When you find the word "sitting" in a line of the entries, please copy the whole line.

Stored entries
****
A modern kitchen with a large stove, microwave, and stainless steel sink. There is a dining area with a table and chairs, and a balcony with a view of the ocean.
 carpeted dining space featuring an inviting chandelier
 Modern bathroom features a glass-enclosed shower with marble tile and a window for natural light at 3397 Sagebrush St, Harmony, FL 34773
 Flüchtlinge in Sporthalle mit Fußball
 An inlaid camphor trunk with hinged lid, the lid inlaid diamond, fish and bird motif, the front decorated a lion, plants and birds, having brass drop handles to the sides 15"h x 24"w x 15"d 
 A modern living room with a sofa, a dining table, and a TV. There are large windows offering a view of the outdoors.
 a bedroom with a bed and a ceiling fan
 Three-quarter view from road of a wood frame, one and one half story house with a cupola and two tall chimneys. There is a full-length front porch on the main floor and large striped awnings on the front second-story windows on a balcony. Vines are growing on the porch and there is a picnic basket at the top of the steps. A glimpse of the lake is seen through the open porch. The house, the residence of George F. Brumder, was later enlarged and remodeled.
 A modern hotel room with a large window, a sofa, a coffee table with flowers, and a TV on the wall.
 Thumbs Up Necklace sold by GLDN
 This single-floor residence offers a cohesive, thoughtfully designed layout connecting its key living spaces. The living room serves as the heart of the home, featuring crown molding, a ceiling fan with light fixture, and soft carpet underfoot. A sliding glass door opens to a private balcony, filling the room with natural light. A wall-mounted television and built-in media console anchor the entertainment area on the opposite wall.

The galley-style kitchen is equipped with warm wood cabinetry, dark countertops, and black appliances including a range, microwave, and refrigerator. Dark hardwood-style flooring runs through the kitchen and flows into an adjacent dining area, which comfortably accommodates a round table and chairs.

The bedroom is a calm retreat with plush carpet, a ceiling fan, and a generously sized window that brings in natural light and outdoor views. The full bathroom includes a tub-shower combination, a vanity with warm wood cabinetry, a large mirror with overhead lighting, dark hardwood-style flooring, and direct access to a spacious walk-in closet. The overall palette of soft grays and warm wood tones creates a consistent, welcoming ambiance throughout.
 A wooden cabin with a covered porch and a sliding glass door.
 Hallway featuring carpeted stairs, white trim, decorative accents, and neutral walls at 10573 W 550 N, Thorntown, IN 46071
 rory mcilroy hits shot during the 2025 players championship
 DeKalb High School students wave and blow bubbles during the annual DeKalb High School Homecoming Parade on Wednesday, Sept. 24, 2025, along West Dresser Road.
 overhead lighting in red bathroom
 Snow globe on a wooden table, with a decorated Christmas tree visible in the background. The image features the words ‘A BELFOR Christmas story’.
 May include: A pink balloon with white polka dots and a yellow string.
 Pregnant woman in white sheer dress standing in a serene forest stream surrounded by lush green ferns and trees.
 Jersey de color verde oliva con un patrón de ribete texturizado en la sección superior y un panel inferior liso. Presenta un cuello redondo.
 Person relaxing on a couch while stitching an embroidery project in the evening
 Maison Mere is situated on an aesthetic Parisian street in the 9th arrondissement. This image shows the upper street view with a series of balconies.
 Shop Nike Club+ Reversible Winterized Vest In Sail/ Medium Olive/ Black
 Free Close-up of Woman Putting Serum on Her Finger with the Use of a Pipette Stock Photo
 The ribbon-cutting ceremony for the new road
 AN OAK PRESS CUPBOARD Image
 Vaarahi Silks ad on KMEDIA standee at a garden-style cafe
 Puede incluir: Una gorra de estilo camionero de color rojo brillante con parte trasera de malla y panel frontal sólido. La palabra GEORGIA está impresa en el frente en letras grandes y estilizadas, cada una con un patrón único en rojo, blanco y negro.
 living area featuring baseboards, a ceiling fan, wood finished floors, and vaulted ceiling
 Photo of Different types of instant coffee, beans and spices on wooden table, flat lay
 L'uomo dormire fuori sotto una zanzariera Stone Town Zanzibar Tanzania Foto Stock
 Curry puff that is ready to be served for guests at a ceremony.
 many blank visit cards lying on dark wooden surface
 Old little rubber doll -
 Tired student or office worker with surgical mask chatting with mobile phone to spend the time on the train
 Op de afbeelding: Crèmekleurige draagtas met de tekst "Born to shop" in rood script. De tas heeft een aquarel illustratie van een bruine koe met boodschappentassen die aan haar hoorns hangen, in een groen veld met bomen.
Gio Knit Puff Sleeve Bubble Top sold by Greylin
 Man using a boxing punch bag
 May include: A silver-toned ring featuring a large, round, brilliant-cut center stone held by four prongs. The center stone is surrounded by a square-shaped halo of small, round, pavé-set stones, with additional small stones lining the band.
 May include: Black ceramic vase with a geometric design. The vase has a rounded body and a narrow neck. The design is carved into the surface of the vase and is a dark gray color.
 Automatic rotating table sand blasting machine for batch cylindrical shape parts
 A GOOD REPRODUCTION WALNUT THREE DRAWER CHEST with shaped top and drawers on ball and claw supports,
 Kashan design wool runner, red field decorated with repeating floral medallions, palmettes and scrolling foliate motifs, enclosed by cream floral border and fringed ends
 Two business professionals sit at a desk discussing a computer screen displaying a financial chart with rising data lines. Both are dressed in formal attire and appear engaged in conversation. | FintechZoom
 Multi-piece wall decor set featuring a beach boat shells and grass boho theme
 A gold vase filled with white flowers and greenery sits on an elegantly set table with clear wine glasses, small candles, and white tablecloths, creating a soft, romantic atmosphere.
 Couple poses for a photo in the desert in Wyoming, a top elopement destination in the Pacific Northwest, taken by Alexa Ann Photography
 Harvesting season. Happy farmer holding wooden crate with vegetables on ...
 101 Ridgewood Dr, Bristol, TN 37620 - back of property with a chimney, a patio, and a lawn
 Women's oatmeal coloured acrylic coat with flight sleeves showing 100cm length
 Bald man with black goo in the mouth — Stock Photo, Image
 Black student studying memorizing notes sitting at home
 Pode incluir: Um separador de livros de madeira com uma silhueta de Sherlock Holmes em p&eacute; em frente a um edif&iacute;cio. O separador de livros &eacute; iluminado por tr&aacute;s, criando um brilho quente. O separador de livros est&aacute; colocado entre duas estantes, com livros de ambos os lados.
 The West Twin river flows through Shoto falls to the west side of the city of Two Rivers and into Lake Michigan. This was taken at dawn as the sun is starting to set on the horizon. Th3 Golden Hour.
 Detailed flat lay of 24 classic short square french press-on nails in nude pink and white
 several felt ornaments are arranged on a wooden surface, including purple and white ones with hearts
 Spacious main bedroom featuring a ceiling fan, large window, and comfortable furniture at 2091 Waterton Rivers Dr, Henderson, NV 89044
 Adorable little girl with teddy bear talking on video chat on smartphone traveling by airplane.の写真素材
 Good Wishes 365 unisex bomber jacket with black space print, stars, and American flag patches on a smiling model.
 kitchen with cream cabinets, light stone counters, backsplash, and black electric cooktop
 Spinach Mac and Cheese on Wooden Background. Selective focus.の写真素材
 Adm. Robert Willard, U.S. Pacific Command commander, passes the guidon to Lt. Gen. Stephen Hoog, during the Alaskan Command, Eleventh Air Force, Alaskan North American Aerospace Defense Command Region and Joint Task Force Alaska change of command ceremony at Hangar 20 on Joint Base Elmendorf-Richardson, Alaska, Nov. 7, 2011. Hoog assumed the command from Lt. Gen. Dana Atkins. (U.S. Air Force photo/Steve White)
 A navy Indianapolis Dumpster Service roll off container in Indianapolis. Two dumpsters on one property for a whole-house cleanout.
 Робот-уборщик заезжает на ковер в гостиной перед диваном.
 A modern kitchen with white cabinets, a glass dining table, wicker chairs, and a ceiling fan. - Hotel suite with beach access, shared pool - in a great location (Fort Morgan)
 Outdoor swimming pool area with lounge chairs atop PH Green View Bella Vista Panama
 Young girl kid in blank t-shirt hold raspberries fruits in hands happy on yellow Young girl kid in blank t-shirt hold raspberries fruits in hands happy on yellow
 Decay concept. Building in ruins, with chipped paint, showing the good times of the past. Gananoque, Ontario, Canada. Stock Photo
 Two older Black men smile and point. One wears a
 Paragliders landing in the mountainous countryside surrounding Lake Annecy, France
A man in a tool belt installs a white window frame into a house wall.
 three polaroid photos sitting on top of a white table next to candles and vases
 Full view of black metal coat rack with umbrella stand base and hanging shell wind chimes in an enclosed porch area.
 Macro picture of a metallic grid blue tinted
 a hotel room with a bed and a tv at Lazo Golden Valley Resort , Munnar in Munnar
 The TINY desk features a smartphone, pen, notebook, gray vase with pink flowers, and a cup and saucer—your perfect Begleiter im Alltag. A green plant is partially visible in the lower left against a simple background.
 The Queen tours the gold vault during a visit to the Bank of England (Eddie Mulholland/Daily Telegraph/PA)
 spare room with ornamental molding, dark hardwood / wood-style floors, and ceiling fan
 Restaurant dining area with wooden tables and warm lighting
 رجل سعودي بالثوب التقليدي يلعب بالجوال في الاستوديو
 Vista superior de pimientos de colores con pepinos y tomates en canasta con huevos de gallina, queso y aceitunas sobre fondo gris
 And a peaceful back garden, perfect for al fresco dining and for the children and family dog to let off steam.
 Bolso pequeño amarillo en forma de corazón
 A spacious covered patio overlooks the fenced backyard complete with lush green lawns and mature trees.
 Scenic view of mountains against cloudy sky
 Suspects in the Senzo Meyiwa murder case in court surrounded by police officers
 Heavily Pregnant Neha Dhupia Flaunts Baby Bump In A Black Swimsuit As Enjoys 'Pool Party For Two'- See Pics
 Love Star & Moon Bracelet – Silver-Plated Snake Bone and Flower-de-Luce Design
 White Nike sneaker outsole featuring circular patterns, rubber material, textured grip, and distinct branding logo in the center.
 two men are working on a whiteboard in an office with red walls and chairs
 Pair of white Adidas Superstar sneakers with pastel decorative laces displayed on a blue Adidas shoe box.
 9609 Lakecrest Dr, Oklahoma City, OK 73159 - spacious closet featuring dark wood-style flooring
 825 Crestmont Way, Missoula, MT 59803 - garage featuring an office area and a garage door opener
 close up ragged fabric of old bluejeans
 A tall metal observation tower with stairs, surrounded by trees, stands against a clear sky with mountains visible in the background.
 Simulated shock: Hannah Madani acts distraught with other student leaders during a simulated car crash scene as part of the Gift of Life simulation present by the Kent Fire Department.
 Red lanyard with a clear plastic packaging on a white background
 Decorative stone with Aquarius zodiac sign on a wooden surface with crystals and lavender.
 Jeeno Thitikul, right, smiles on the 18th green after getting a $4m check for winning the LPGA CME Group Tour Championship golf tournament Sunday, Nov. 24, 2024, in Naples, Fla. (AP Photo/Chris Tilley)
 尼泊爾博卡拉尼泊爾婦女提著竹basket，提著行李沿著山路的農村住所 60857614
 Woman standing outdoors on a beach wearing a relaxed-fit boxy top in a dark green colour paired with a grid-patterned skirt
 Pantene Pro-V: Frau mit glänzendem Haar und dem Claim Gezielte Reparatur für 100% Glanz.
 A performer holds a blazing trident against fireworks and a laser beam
****
◆ EXPECTED ANSWER:
 Black student studying memorizing notes sitting at home
 three polaroid photos sitting on top of a white table next to candles and vases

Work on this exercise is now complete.